_DATA FOR THIS EXERCISE_.

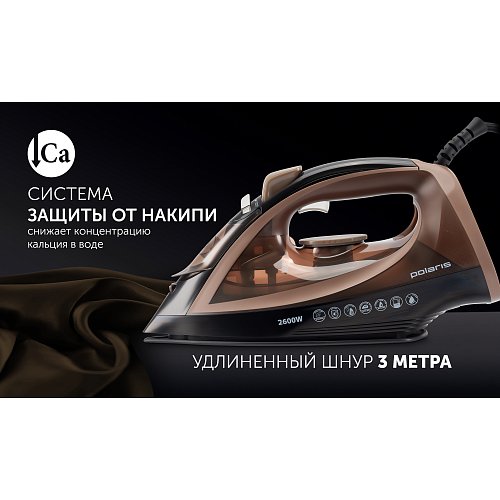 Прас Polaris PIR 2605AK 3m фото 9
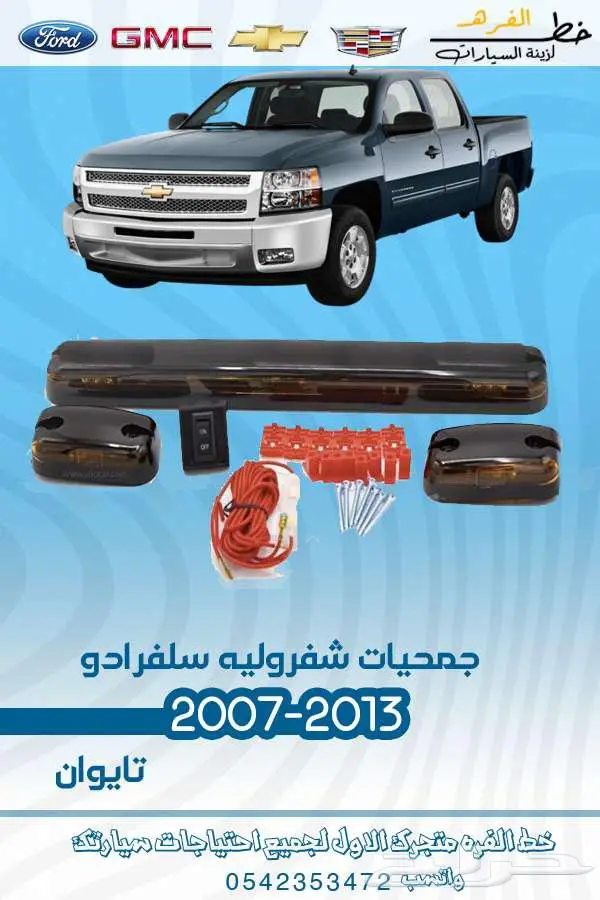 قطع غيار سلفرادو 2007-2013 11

==

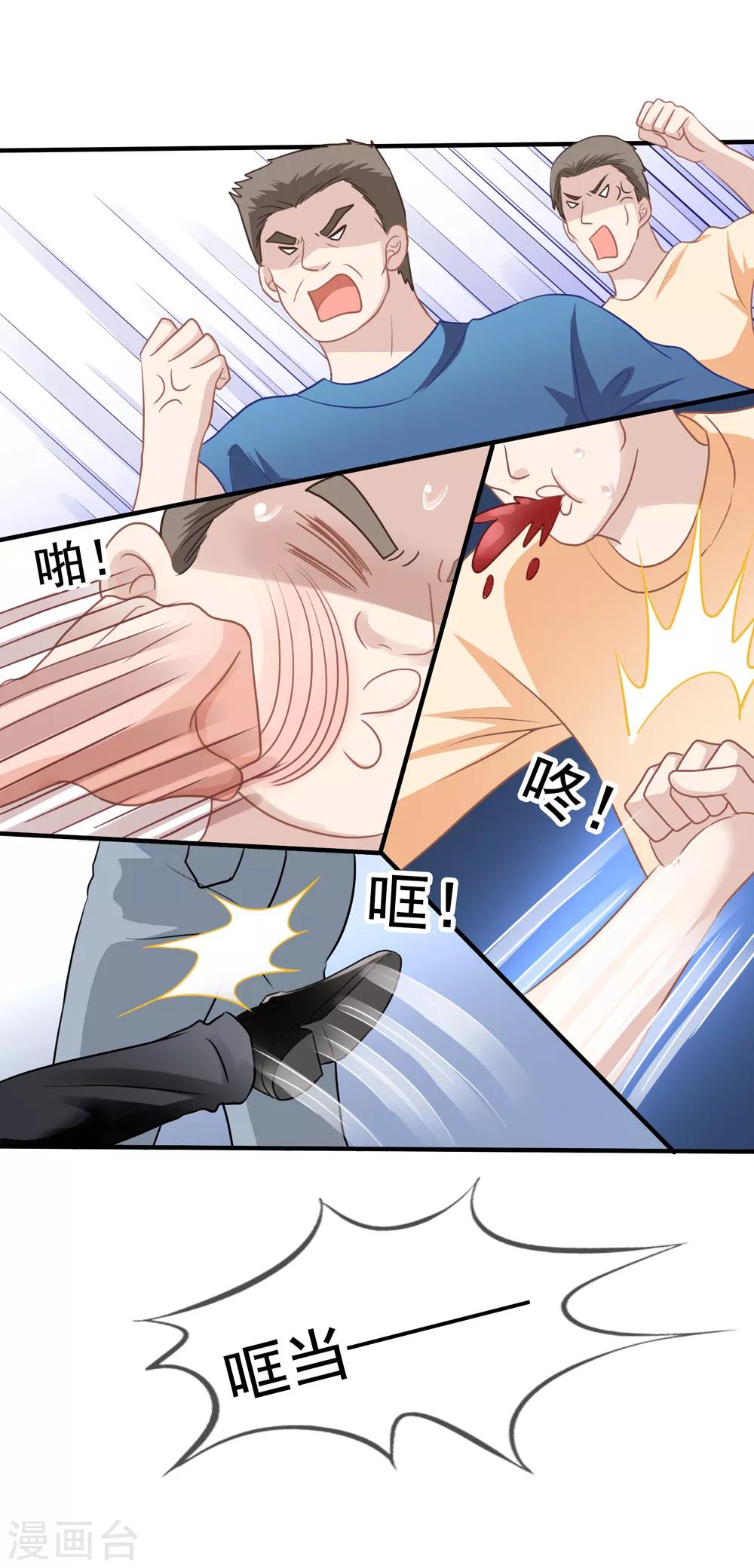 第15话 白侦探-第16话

...

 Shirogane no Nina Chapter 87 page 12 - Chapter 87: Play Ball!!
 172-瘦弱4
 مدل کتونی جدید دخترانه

_YOUR INSTRUCTIONS_. With the pictures omitted, restate word for word the lines above from the line that has "Прас Polaris PIR 2605AK 3m фото 9" up to and including the line that has "قطع غيار سلفرادو 2007-2013 11", and no other lines.

_SOLVED PROBLEM_.
 Прас Polaris PIR 2605AK 3m фото 9
 قطع غيار سلفرادو 2007-2013 11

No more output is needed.